## Available data
════════

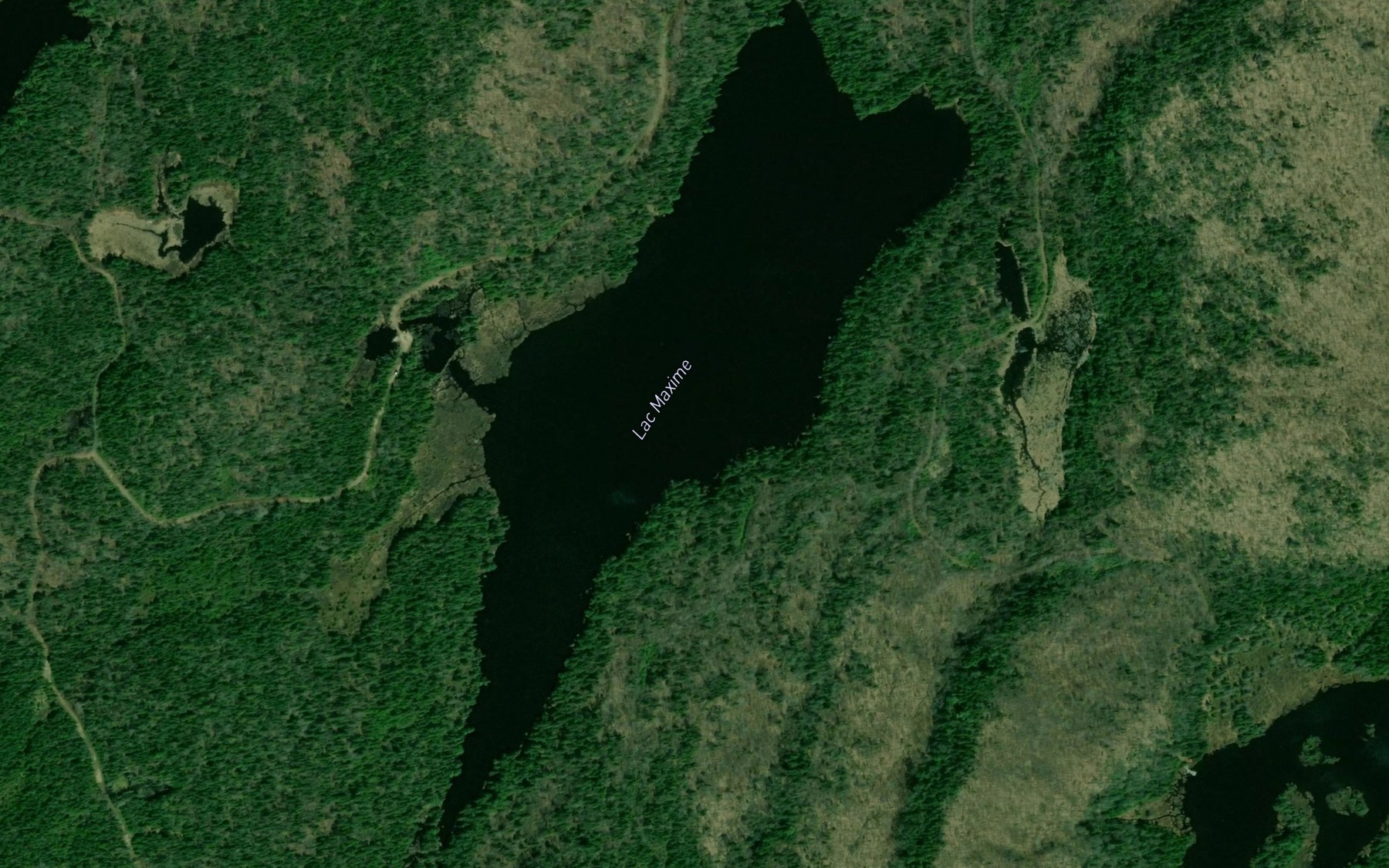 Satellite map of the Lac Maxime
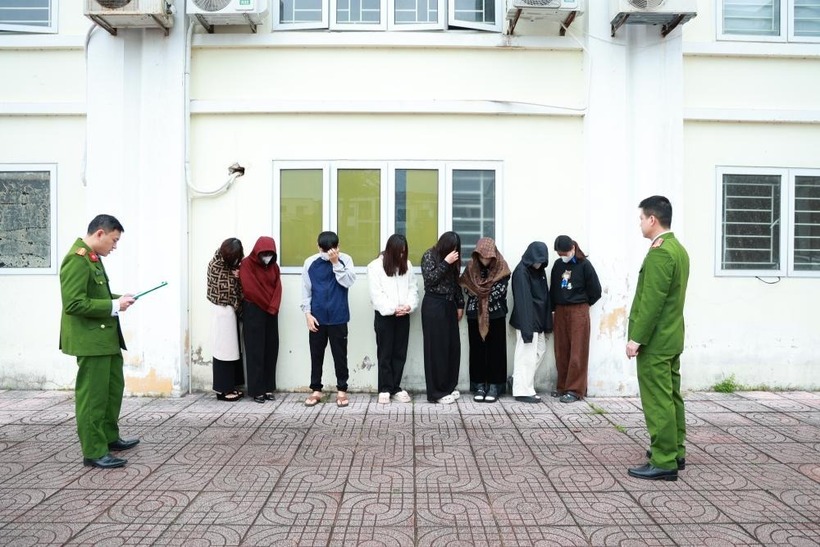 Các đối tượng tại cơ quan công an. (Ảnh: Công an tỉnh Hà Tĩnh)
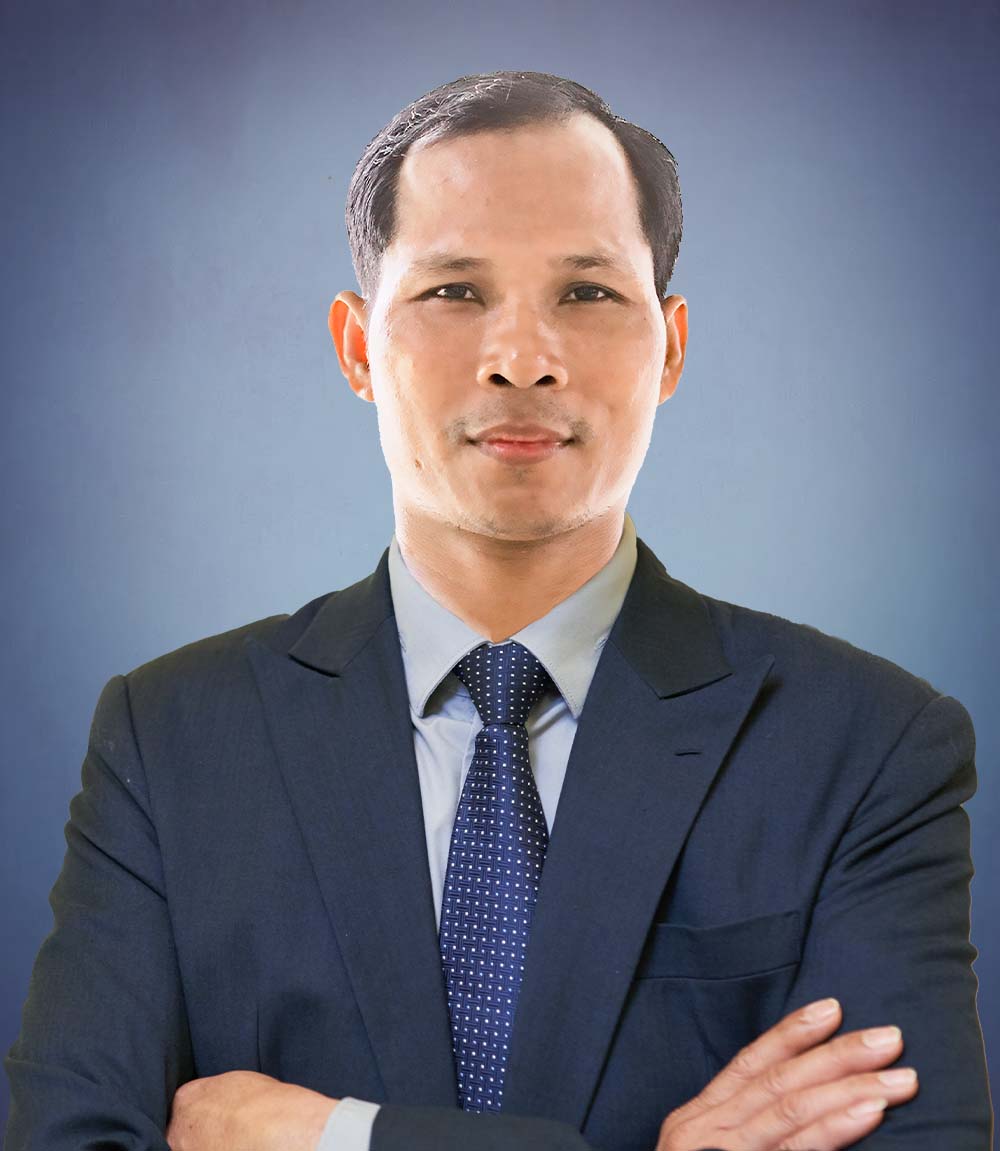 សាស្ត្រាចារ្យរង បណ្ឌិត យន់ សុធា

════════

Except for the pictures, copy the material above exactly.

 Satellite map of the Lac Maxime
 Các đối tượng tại cơ quan công an. (Ảnh: Công an tỉnh Hà Tĩnh)
 សាស្ត្រាចារ្យរង បណ្ឌិត យន់ សុធា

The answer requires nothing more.